The pros and cons of Newsletters

NewsletterThere are two ways to look at newsletters – whether they arrive in the post or, more likely, in your inbox – as the sender or as the receiver!

It’s interesting that people who complain about the amount of spam email and post they get still send out newsletters to their contact list without due consideration of whether the recipient will find it useful.  If you suspect that you may be guilty of this (even a little bit) it’s time to step back and see things from the receiver’s perspective.

Ask yourself some leading questions:

Does the subject line or main headline encourage people to open it?

‘Acme Widgets Newsletter August 2014′  isn’t exactly exciting – or enlightening; any people will delete this unopened.  To get attention and improve your chance of people opening your email or starting to read your publication you need something intriguing, engaging or something that people want to know about.  To make your newsletter successful and be consistently opened issue after issue you’ll want to develop the art of writing brilliant ‘Open me’ statements.

The one that just landed in my inbox – and made me open it had a subject line that said:

44% of businesses do NOT have a Social Media Policy or Guidelines

That was something I wanted to know more about, so I opened it!

NewslettersDoes it look fresh, attractive and interesting?

If, when people open your email or the envelope your newsletter has arrived in, it looks boring people make the assumption that the content is boring too.  Whilst I’m not suggesting a rebrand, even if you have a fairly conservative brand image, the layout or template you use can lift the look and feel of your publication.  Most of us are influenced by visual perceptions so how it looks it really important.

That doesn’t mean it should have every colour of the rainbow and feature lots of coloured boxes with information in, but it does, at least, need to look fresh and modern, not tired and old-fashioned.

Magnifying valueDoes it lead with value?

If your first article is all about you (or your business) and what you’ve been doing, then don’t expect to keep your reader’s attention for long.  Most of us are too busy to invest time in anything that doesn’t add value – so ensure that you open with your main article and give the reader what you’ve led them to expect in the subject line/headline.

Once you’ve delivered value people are usually open to other information such as promotions or offers.

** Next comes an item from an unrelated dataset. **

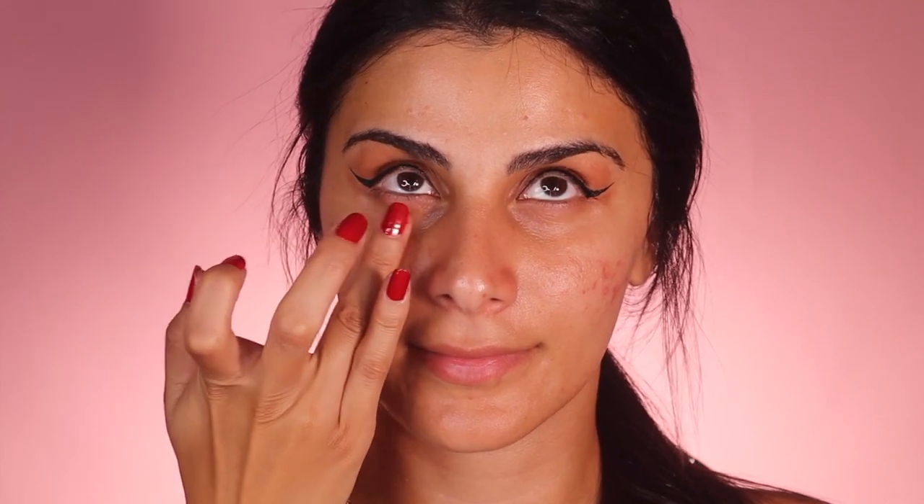I want to finish off the under eyes. Like I said, I want to try a new method — I'm applying some of the Urban Decay All Night primer. This is an actual skin eye primer but I'm putting it under her eyes. Now for concealer I'm using a liquid one — the Instant Age Rewind. I'm not actually going to use any foundation on her skin, just this concealer.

Something to think about …

If people have signed up to your list voluntarily they’ve done so for a reason.  These days this is usually because you’ve offered them an ethical bribe – a document that provides them with information they’ve identified as useful.  You need to continue that if you are sending these same people a newsletter.  It’s likely that they’ll be interested in the same kind of information around allied subjects.  Your newsletter is about relationship management, and you’ll only build a strong relationship with your reader if you keep delivering what they want.

If you’ve put people on your list because you’ve met them networking, you should really get their permission first.  Giving you a business card does not constitute permission!  The problem with creating a list from random contacts is that their interest spectrum is likely to be vast.  If, for instance, you are an outsourced HR service, many of the contacts you may have met are sole traders and don’t have staff.  That means they are probably not going to be interested in your areas of expertise so your general newsletter is likely to be seen as spam.

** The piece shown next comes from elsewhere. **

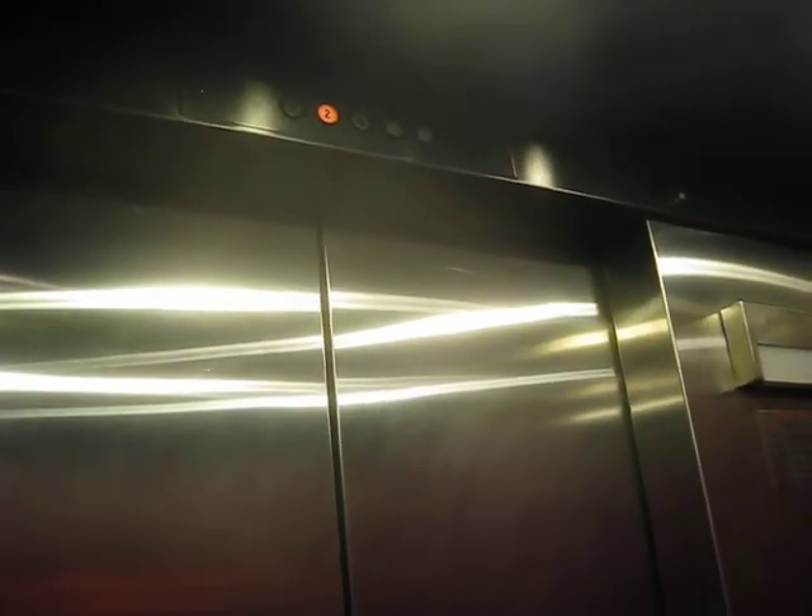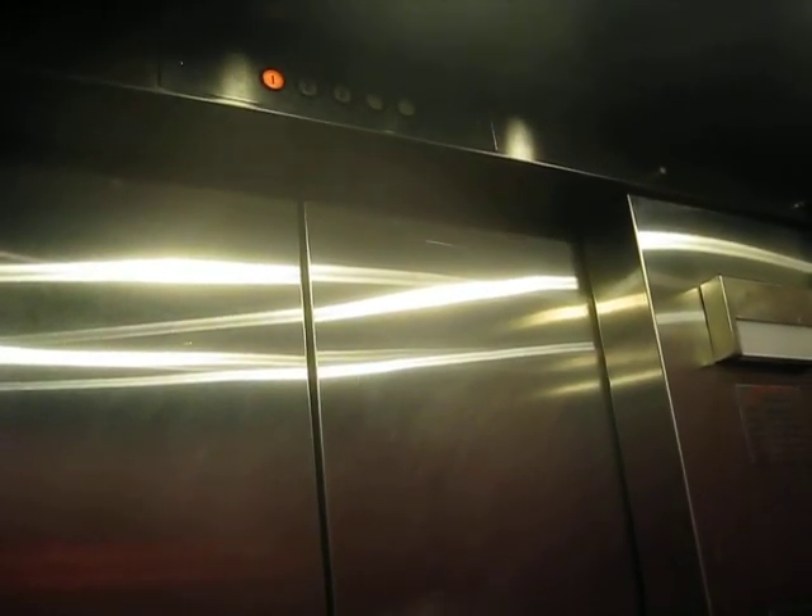Floor one. Check this out — it's got the old bumpers. Here we are at floor one. These are nice fixture buttons.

However, if you create a specific newsletter for networking connections to share useful information that is a very different situation and can be a really valuable resource.

Is your newsletter short and punchy or long and tedious?

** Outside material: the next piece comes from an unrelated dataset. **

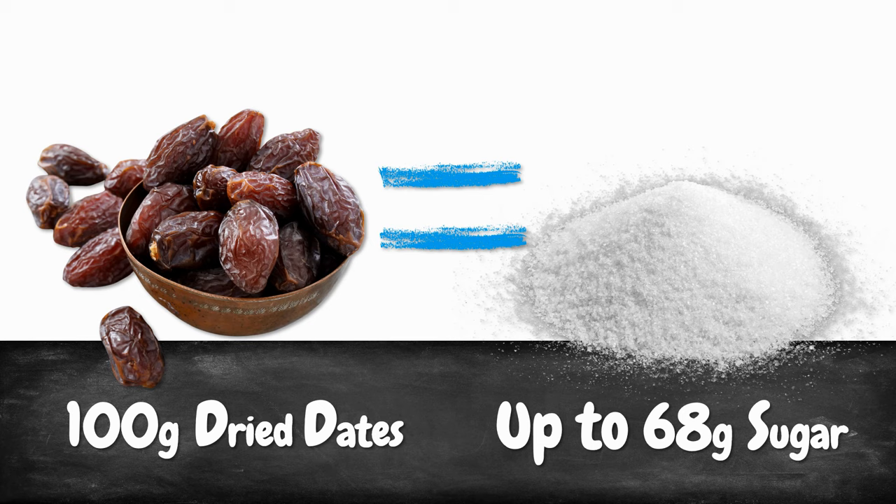For example, some websites promote dried dates to help a baby with constipation. I'm pretty sure that dried dates would help your baby poop more or less straight away. What they don't tell you though is that 100 grams of dried dates can contain up to 68 grams of sugar — that's 17 sugar cubes. Your baby won't eat a full 100 grams of dates, however it can still be enough sugar to throw your baby's digestion completely off-balance.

Long blogs are fine – in fact, the latest research indicates that people like longer blogs – but long newsletters are unlikely to get the same level of attention.  When we’re opening the post or checking our email most of us are in ‘skimming’ mode.  If we see something that interests or intrigues us, we’ll give it a quick once over, but it has to be good and easy to consume to keep our attention.  What’s your reaction when you receive something that looks lengthy?  At best – maybe ‘I’ll read this later’.  How often does it then disappear into the heap of things that might be vaguely interesting – to be completely forgotten?

If you’ve got lots of valuable information to share write a blog and then share the opening paragraph and link to it.  If your opener is good enough people will click through to read.

… and don’t forget …

You do need to provide a means for people to unsubscribe – and a way for you to ensure you don’t add them back to the list yourself when they’ve already taken themselves off it.

When you’ve created your newsletter – take a step out of your own shoes and ask yourself ‘if this landed in my inbox (or on my doormat) – would it attract me enough to open it and how would the content really add value for me?’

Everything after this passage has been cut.